Again, the COG itself is in the item_obj column. The problem is that the assets that exist for Landsat COGs are slightly different than those for Sentinel-2.

for asset_key, asset in best_item_landsat.item_obj.assets.items():
    print(f"{asset_key:<25} - {asset.title}")
qa                        - Surface Temperature Quality Assessment Band
ang                       - Angle Coefficients File
red                       - Red Band
blue                      - Blue Band
drad                      - Downwelled Radiance Band
emis                      - Emissivity Band
emsd                      - Emissivity Standard Deviation Band
trad                      - Thermal Radiance Band
urad                      - Upwelled Radiance Band
atran                     - Atmospheric Transmittance Band
cdist                     - Cloud Distance Band
green                     - Green Band
nir08                     - Near Infrared Band 0.8
lwir11                    - Surface Temperature Band
swir16                    - Short-wave Infrared Band 1.6
swir22                    - Short-wave Infrared Band 2.2
coastal                   - Coastal/Aerosol Band
mtl.txt                   - Product Metadata File (txt)
mtl.xml                   - Product Metadata File (xml)
mtl.json                  - Product Metadata File (json)
qa_pixel                  - Pixel Quality Assessment Band
qa_radsat                 - Radiometric Saturation and Terrain Occlusion Quality Assessment Band
qa_aerosol                - Aerosol Quality Assessment Band
tilejson                  - TileJSON with default rendering
rendered_preview          - Rendered preview

You can find a good data dictionary at this MPC Landsat page.

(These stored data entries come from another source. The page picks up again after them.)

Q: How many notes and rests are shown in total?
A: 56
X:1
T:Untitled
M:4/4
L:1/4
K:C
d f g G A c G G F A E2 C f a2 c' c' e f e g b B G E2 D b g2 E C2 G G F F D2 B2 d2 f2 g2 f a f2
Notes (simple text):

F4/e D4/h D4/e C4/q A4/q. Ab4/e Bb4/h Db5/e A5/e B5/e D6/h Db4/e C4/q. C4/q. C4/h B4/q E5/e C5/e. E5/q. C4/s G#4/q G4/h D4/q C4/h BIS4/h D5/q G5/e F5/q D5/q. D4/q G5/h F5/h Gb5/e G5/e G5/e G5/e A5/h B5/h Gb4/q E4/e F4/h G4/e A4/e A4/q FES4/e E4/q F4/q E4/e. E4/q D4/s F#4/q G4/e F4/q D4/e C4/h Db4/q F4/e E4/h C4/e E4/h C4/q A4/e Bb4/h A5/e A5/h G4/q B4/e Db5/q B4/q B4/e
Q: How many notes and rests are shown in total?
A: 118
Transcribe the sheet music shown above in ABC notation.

We aren’t going to dig into all the details here, but instead will just focus on the issue raised in the original tutorial. The red, blue and green bands in the Landsat item are not scaled on a 0-255 scale. Here’s the code from the original tutorial that uses the odc-stac and opencv libraries to normalize the red, blue and green bands to 0-255. A few things of note:

  • the odc.stac.stac_load() function allows you to specify a list of bands to load
  • the cv2.normalize() function is used to put the values on the 0-255 scale
def crop_landsat_image(item, bounding_box):
    """
    Given a STAC item from Landsat and a bounding box tuple in the format
    (minx, miny, maxx, maxy), return a cropped portion of the item's visual
    imagery in the bounding box.

    Returns the image as a numpy array with dimensions (color band, height, width)
    """
    (minx, miny, maxx, maxy) = bounding_box

    image = odc.stac.stac_load(
        [pc.sign(item)], bands=["red", "green", "blue"], bbox=[minx, miny, maxx, maxy]
    ).isel(time=0)
    image_array = image[["red", "green", "blue"]].to_array().to_numpy()

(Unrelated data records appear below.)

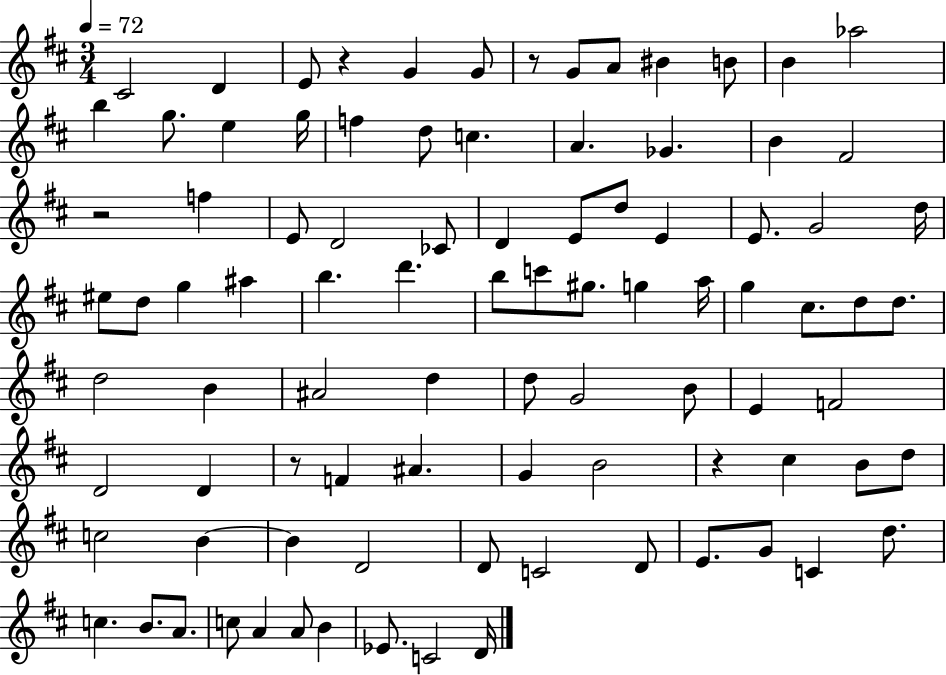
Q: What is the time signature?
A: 3/4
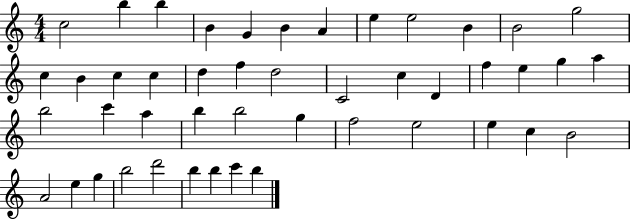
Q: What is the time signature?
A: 4/4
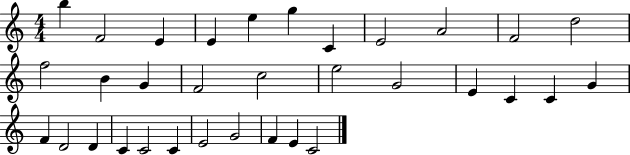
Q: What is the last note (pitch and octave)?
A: C4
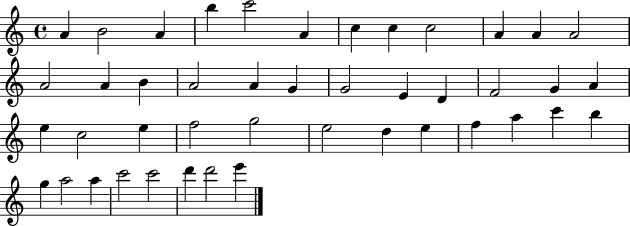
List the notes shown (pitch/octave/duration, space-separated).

A4/q B4/h A4/q B5/q C6/h A4/q C5/q C5/q C5/h A4/q A4/q A4/h A4/h A4/q B4/q A4/h A4/q G4/q G4/h E4/q D4/q F4/h G4/q A4/q E5/q C5/h E5/q F5/h G5/h E5/h D5/q E5/q F5/q A5/q C6/q B5/q G5/q A5/h A5/q C6/h C6/h D6/q D6/h E6/q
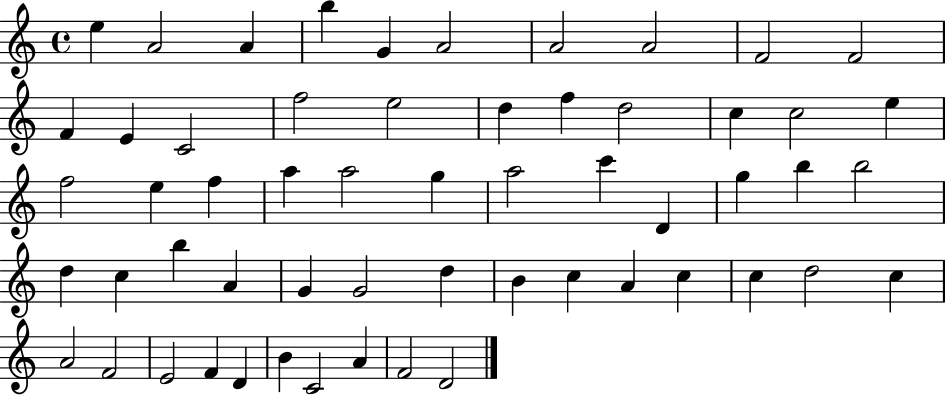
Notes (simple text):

E5/q A4/h A4/q B5/q G4/q A4/h A4/h A4/h F4/h F4/h F4/q E4/q C4/h F5/h E5/h D5/q F5/q D5/h C5/q C5/h E5/q F5/h E5/q F5/q A5/q A5/h G5/q A5/h C6/q D4/q G5/q B5/q B5/h D5/q C5/q B5/q A4/q G4/q G4/h D5/q B4/q C5/q A4/q C5/q C5/q D5/h C5/q A4/h F4/h E4/h F4/q D4/q B4/q C4/h A4/q F4/h D4/h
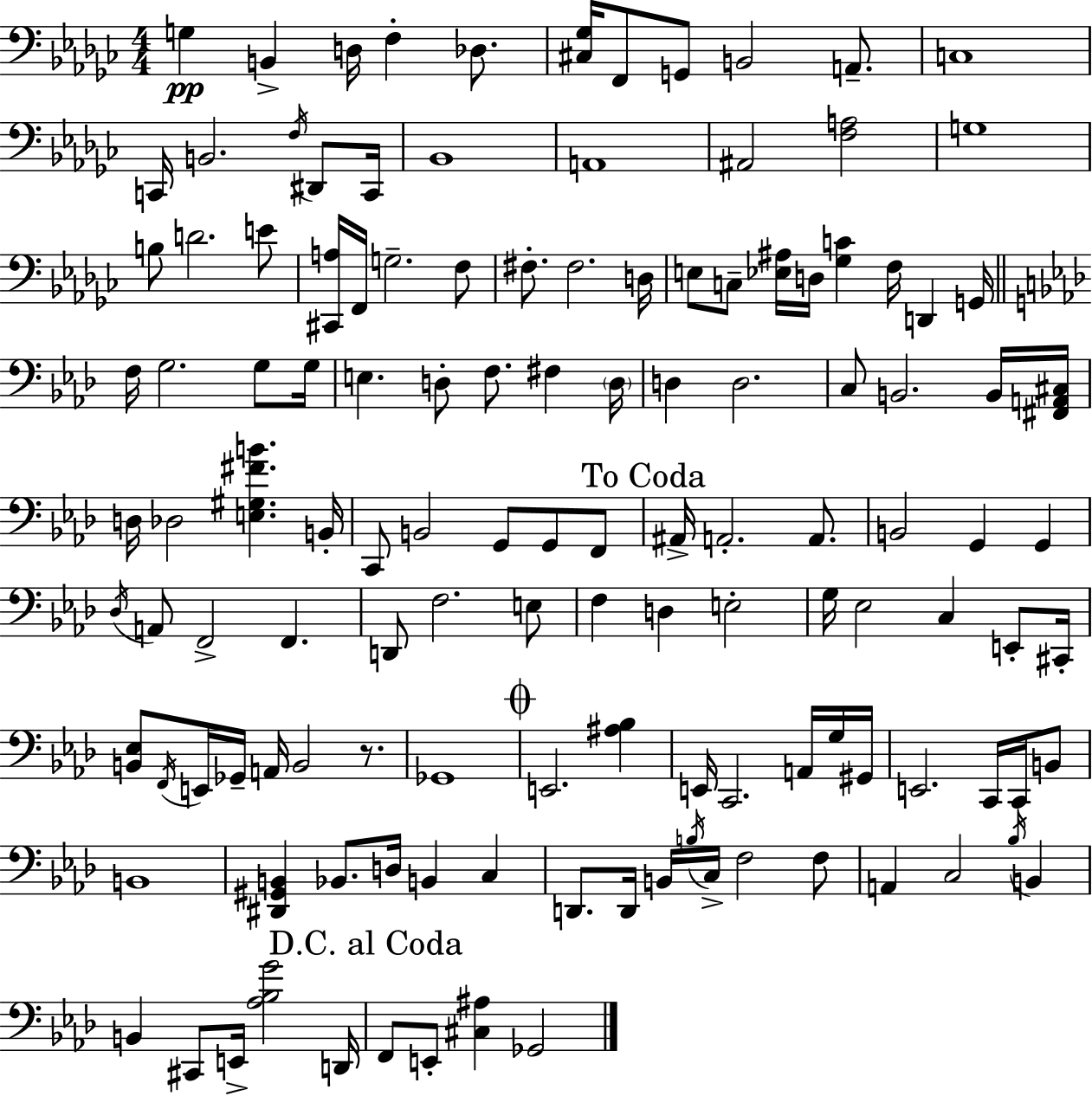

    # normalize to 0 - 255 values
    image_array = cv2.normalize(image_array, None, 0, 255, cv2.NORM_MINMAX)

    return image_array

Unfortunately, I had all kinds of problems getting odc-stac and opencv (includes the cv2 module) installed in my conda virtual environment. I figured instead of fighting with that, I’d figure out how to use rioxarray instead of odc-stac to load the bands into arrays and simply write my own normalize function to do the rescaling.

First, just to illustrate the scale problem, I’ll load the red band.

red_href = best_item_landsat.item_obj.assets["red"].href
ds = rioxarray.open_rasterio(red_href)
ds
<xarray.DataArray (band: 1, y: 7761, x: 7641)>
[59301801 values with dtype=uint16]
Coordinates:
  * band         (band) int64 1
  * x            (x) float64 6.021e+05 6.021e+05 ... 8.313e+05 8.313e+05
  * y            (y) float64 5.059e+06 5.059e+06 ... 4.826e+06 4.826e+06
    spatial_ref  int64 0
Attributes:
    AREA_OR_POINT:  Point
    _FillValue:     0
    scale_factor:   1.0
    add_offset:     0.0
ds[0, 4000:4005, 4000:4005].values
array([[8521, 8506, 8422, 8492, 8494],
       [8470, 8602, 8435, 8549, 8613],
       [8554, 8512, 8454, 8454, 8633],
       [8506, 8521, 8315, 8299, 8424],
       [8612, 8578, 8402, 8225, 8215]], dtype=uint16)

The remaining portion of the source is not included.